◆ TASK TO CARRY OUT ◆
Pull every line holding the string "Blue" from the records below.

BEGIN DATA SECTION

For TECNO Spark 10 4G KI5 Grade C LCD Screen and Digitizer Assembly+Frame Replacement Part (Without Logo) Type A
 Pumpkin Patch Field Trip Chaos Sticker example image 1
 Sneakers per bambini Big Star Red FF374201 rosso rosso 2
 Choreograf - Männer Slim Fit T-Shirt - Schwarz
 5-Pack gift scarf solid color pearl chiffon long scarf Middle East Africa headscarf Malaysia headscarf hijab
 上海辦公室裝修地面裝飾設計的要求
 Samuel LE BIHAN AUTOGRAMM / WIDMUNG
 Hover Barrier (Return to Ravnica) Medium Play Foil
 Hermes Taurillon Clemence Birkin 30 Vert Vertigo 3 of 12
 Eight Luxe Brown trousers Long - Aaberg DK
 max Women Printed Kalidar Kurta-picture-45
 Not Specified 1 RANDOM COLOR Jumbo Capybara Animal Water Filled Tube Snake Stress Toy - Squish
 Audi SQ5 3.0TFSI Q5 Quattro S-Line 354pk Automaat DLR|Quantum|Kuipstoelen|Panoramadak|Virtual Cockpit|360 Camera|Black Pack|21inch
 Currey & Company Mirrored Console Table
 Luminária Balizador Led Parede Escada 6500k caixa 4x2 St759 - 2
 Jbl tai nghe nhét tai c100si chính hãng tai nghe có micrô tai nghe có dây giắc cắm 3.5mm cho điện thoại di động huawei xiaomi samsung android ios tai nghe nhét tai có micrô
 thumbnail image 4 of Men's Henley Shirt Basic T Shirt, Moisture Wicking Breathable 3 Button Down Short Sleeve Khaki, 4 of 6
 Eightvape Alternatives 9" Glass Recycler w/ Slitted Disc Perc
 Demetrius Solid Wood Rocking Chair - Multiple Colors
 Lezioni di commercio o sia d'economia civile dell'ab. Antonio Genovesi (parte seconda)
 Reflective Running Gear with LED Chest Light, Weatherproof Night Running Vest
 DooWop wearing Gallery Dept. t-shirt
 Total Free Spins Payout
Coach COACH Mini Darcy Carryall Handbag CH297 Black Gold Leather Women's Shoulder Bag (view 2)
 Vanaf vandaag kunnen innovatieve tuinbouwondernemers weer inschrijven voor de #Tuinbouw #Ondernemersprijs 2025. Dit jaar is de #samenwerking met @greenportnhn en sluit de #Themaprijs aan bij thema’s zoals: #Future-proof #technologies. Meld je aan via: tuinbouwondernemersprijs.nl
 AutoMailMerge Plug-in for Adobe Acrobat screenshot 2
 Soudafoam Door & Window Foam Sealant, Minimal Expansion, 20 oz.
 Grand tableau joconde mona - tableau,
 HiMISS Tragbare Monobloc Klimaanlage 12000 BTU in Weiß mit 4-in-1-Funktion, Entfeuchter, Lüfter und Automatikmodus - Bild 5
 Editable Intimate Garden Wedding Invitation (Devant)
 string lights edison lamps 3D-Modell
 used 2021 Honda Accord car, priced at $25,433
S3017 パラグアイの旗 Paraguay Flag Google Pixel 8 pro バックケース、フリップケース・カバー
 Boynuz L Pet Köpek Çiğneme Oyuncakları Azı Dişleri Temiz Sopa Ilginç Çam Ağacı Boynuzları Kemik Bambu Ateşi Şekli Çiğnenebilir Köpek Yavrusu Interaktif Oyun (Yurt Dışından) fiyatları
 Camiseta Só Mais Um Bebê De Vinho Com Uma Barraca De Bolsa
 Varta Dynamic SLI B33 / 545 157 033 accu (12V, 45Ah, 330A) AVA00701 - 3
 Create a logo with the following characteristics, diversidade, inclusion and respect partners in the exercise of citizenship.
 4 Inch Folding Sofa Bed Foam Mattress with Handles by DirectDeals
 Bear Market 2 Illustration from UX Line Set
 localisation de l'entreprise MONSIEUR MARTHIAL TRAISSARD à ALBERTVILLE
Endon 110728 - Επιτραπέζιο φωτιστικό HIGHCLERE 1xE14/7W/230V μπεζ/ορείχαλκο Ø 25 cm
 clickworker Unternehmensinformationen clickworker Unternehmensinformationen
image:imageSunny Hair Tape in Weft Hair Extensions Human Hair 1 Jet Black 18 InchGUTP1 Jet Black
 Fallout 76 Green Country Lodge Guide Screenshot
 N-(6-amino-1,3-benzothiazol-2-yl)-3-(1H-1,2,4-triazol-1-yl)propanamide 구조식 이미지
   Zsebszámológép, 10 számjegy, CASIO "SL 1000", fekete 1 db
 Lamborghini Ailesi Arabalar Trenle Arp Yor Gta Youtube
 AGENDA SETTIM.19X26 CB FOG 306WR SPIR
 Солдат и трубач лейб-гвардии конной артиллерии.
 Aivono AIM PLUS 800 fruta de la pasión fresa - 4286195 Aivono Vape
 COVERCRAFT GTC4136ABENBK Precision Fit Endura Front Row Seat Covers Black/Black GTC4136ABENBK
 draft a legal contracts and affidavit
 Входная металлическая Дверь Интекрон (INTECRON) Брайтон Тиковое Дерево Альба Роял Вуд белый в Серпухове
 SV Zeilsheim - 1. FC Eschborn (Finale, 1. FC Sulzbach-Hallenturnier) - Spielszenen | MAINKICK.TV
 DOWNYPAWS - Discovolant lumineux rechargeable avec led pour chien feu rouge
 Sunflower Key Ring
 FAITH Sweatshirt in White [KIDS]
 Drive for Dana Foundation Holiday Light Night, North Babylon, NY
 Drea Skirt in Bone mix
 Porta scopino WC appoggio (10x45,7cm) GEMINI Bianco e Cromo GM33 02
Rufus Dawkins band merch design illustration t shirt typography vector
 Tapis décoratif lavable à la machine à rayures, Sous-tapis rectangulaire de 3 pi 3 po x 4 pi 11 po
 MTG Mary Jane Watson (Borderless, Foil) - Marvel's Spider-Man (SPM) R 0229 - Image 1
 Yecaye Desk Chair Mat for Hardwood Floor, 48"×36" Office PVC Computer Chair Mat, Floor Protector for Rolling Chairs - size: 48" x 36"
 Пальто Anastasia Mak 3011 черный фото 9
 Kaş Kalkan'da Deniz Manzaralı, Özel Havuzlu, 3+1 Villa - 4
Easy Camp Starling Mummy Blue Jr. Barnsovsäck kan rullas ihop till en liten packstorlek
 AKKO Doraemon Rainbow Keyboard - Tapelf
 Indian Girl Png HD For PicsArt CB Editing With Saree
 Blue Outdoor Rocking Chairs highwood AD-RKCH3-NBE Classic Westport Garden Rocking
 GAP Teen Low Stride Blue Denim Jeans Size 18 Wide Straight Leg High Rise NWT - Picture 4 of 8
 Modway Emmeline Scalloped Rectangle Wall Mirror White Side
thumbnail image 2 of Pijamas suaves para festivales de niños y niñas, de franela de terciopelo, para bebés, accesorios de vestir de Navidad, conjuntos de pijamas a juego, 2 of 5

END DATA SECTION

◆ EXERCISE ANSWER ◆
Easy Camp Starling Mummy Blue Jr. Barnsovsäck kan rullas ihop till en liten packstorlek
 Blue Outdoor Rocking Chairs highwood AD-RKCH3-NBE Classic Westport Garden Rocking
 GAP Teen Low Stride Blue Denim Jeans Size 18 Wide Straight Leg High Rise NWT - Picture 4 of 8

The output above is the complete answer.